JOÃO FERNANDES

El agua del Atlántico se desparrama al llegar a la orilla en la playa de João Fernandes y se derrama dulcemente sobre la arena de destellos dorados. El aire  resplandece bajo el sol del mediodía. Salimos del mar caminando despacio, de espaldas al horizonte. Miro hacia adelante y sobre el fondo de unas pocas casas bajas construidas entre la vegetación, veo andar a tu cuerpo al lado de Mainha. Te oigo conversar animadamente. No puedo oír lo que dices y tampoco lo que me comenta Ricardo a mi lado: es una extraña manera de estar aturdido.
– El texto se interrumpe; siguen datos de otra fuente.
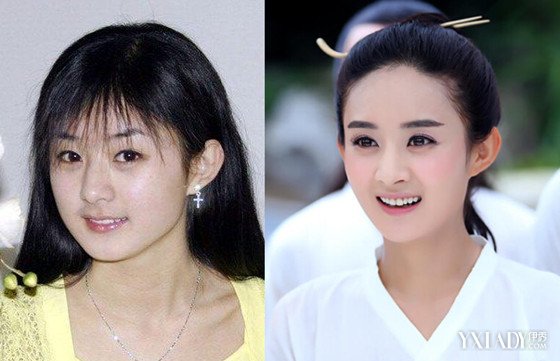 赵丽颖整容前照片曝光,揭秘赵丽颖个人简历资料及家庭背景图片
No importa: estoy muy sereno, complacido. El día es espléndido y el olor yodado del agua de mar me penetra profundamente: es un olor oceánico, inconfundible. Miro tus caderas que se mueven al compás de tus largas piernas. Me fijo en la curva de la silueta casi perfecta y en el corte de la cintura, que es muy alto y no puedo evitar decir algo acerca de lo que veo (siempre tengo algo que decir), acerca de esa forma de belleza canónica, apolínea. Lo único que atino es a señalársela a Ricardo echando las dos manos hacia adelante, como si hiciera un gesto de ofrenda o de consagración. “Ta vendo isso, rapaz?”, le digo a Ricardo en un vano intento de compartir la visión, aunque sé que es imposible que el otro vea lo que yo. El otro no puede ver lo que yo contemplo de forma arrobada, pese a que no está ciego ni es indiferente. Todo lo contrario. Lo que mis ojos ven solo está presente para él; existe, pero no está allí. No es cabalmente un objeto sino una extensión de mí mismo y del vínculo que mi sensibilidad establece por casualidad con lo que ven mis ojos y conmigo mismo. Comprendo entonces que la sensación ha conseguido unir mi condición y un estado del mundo que tiene la forma de una mujer. Esa realidad existe solo para mí y para mi deseo o para la torpe atención que le dedico; y enseguida se desvanece.

Son apenas unos pocos segundos que se quedarán clavados en mi recuerdo para siempre.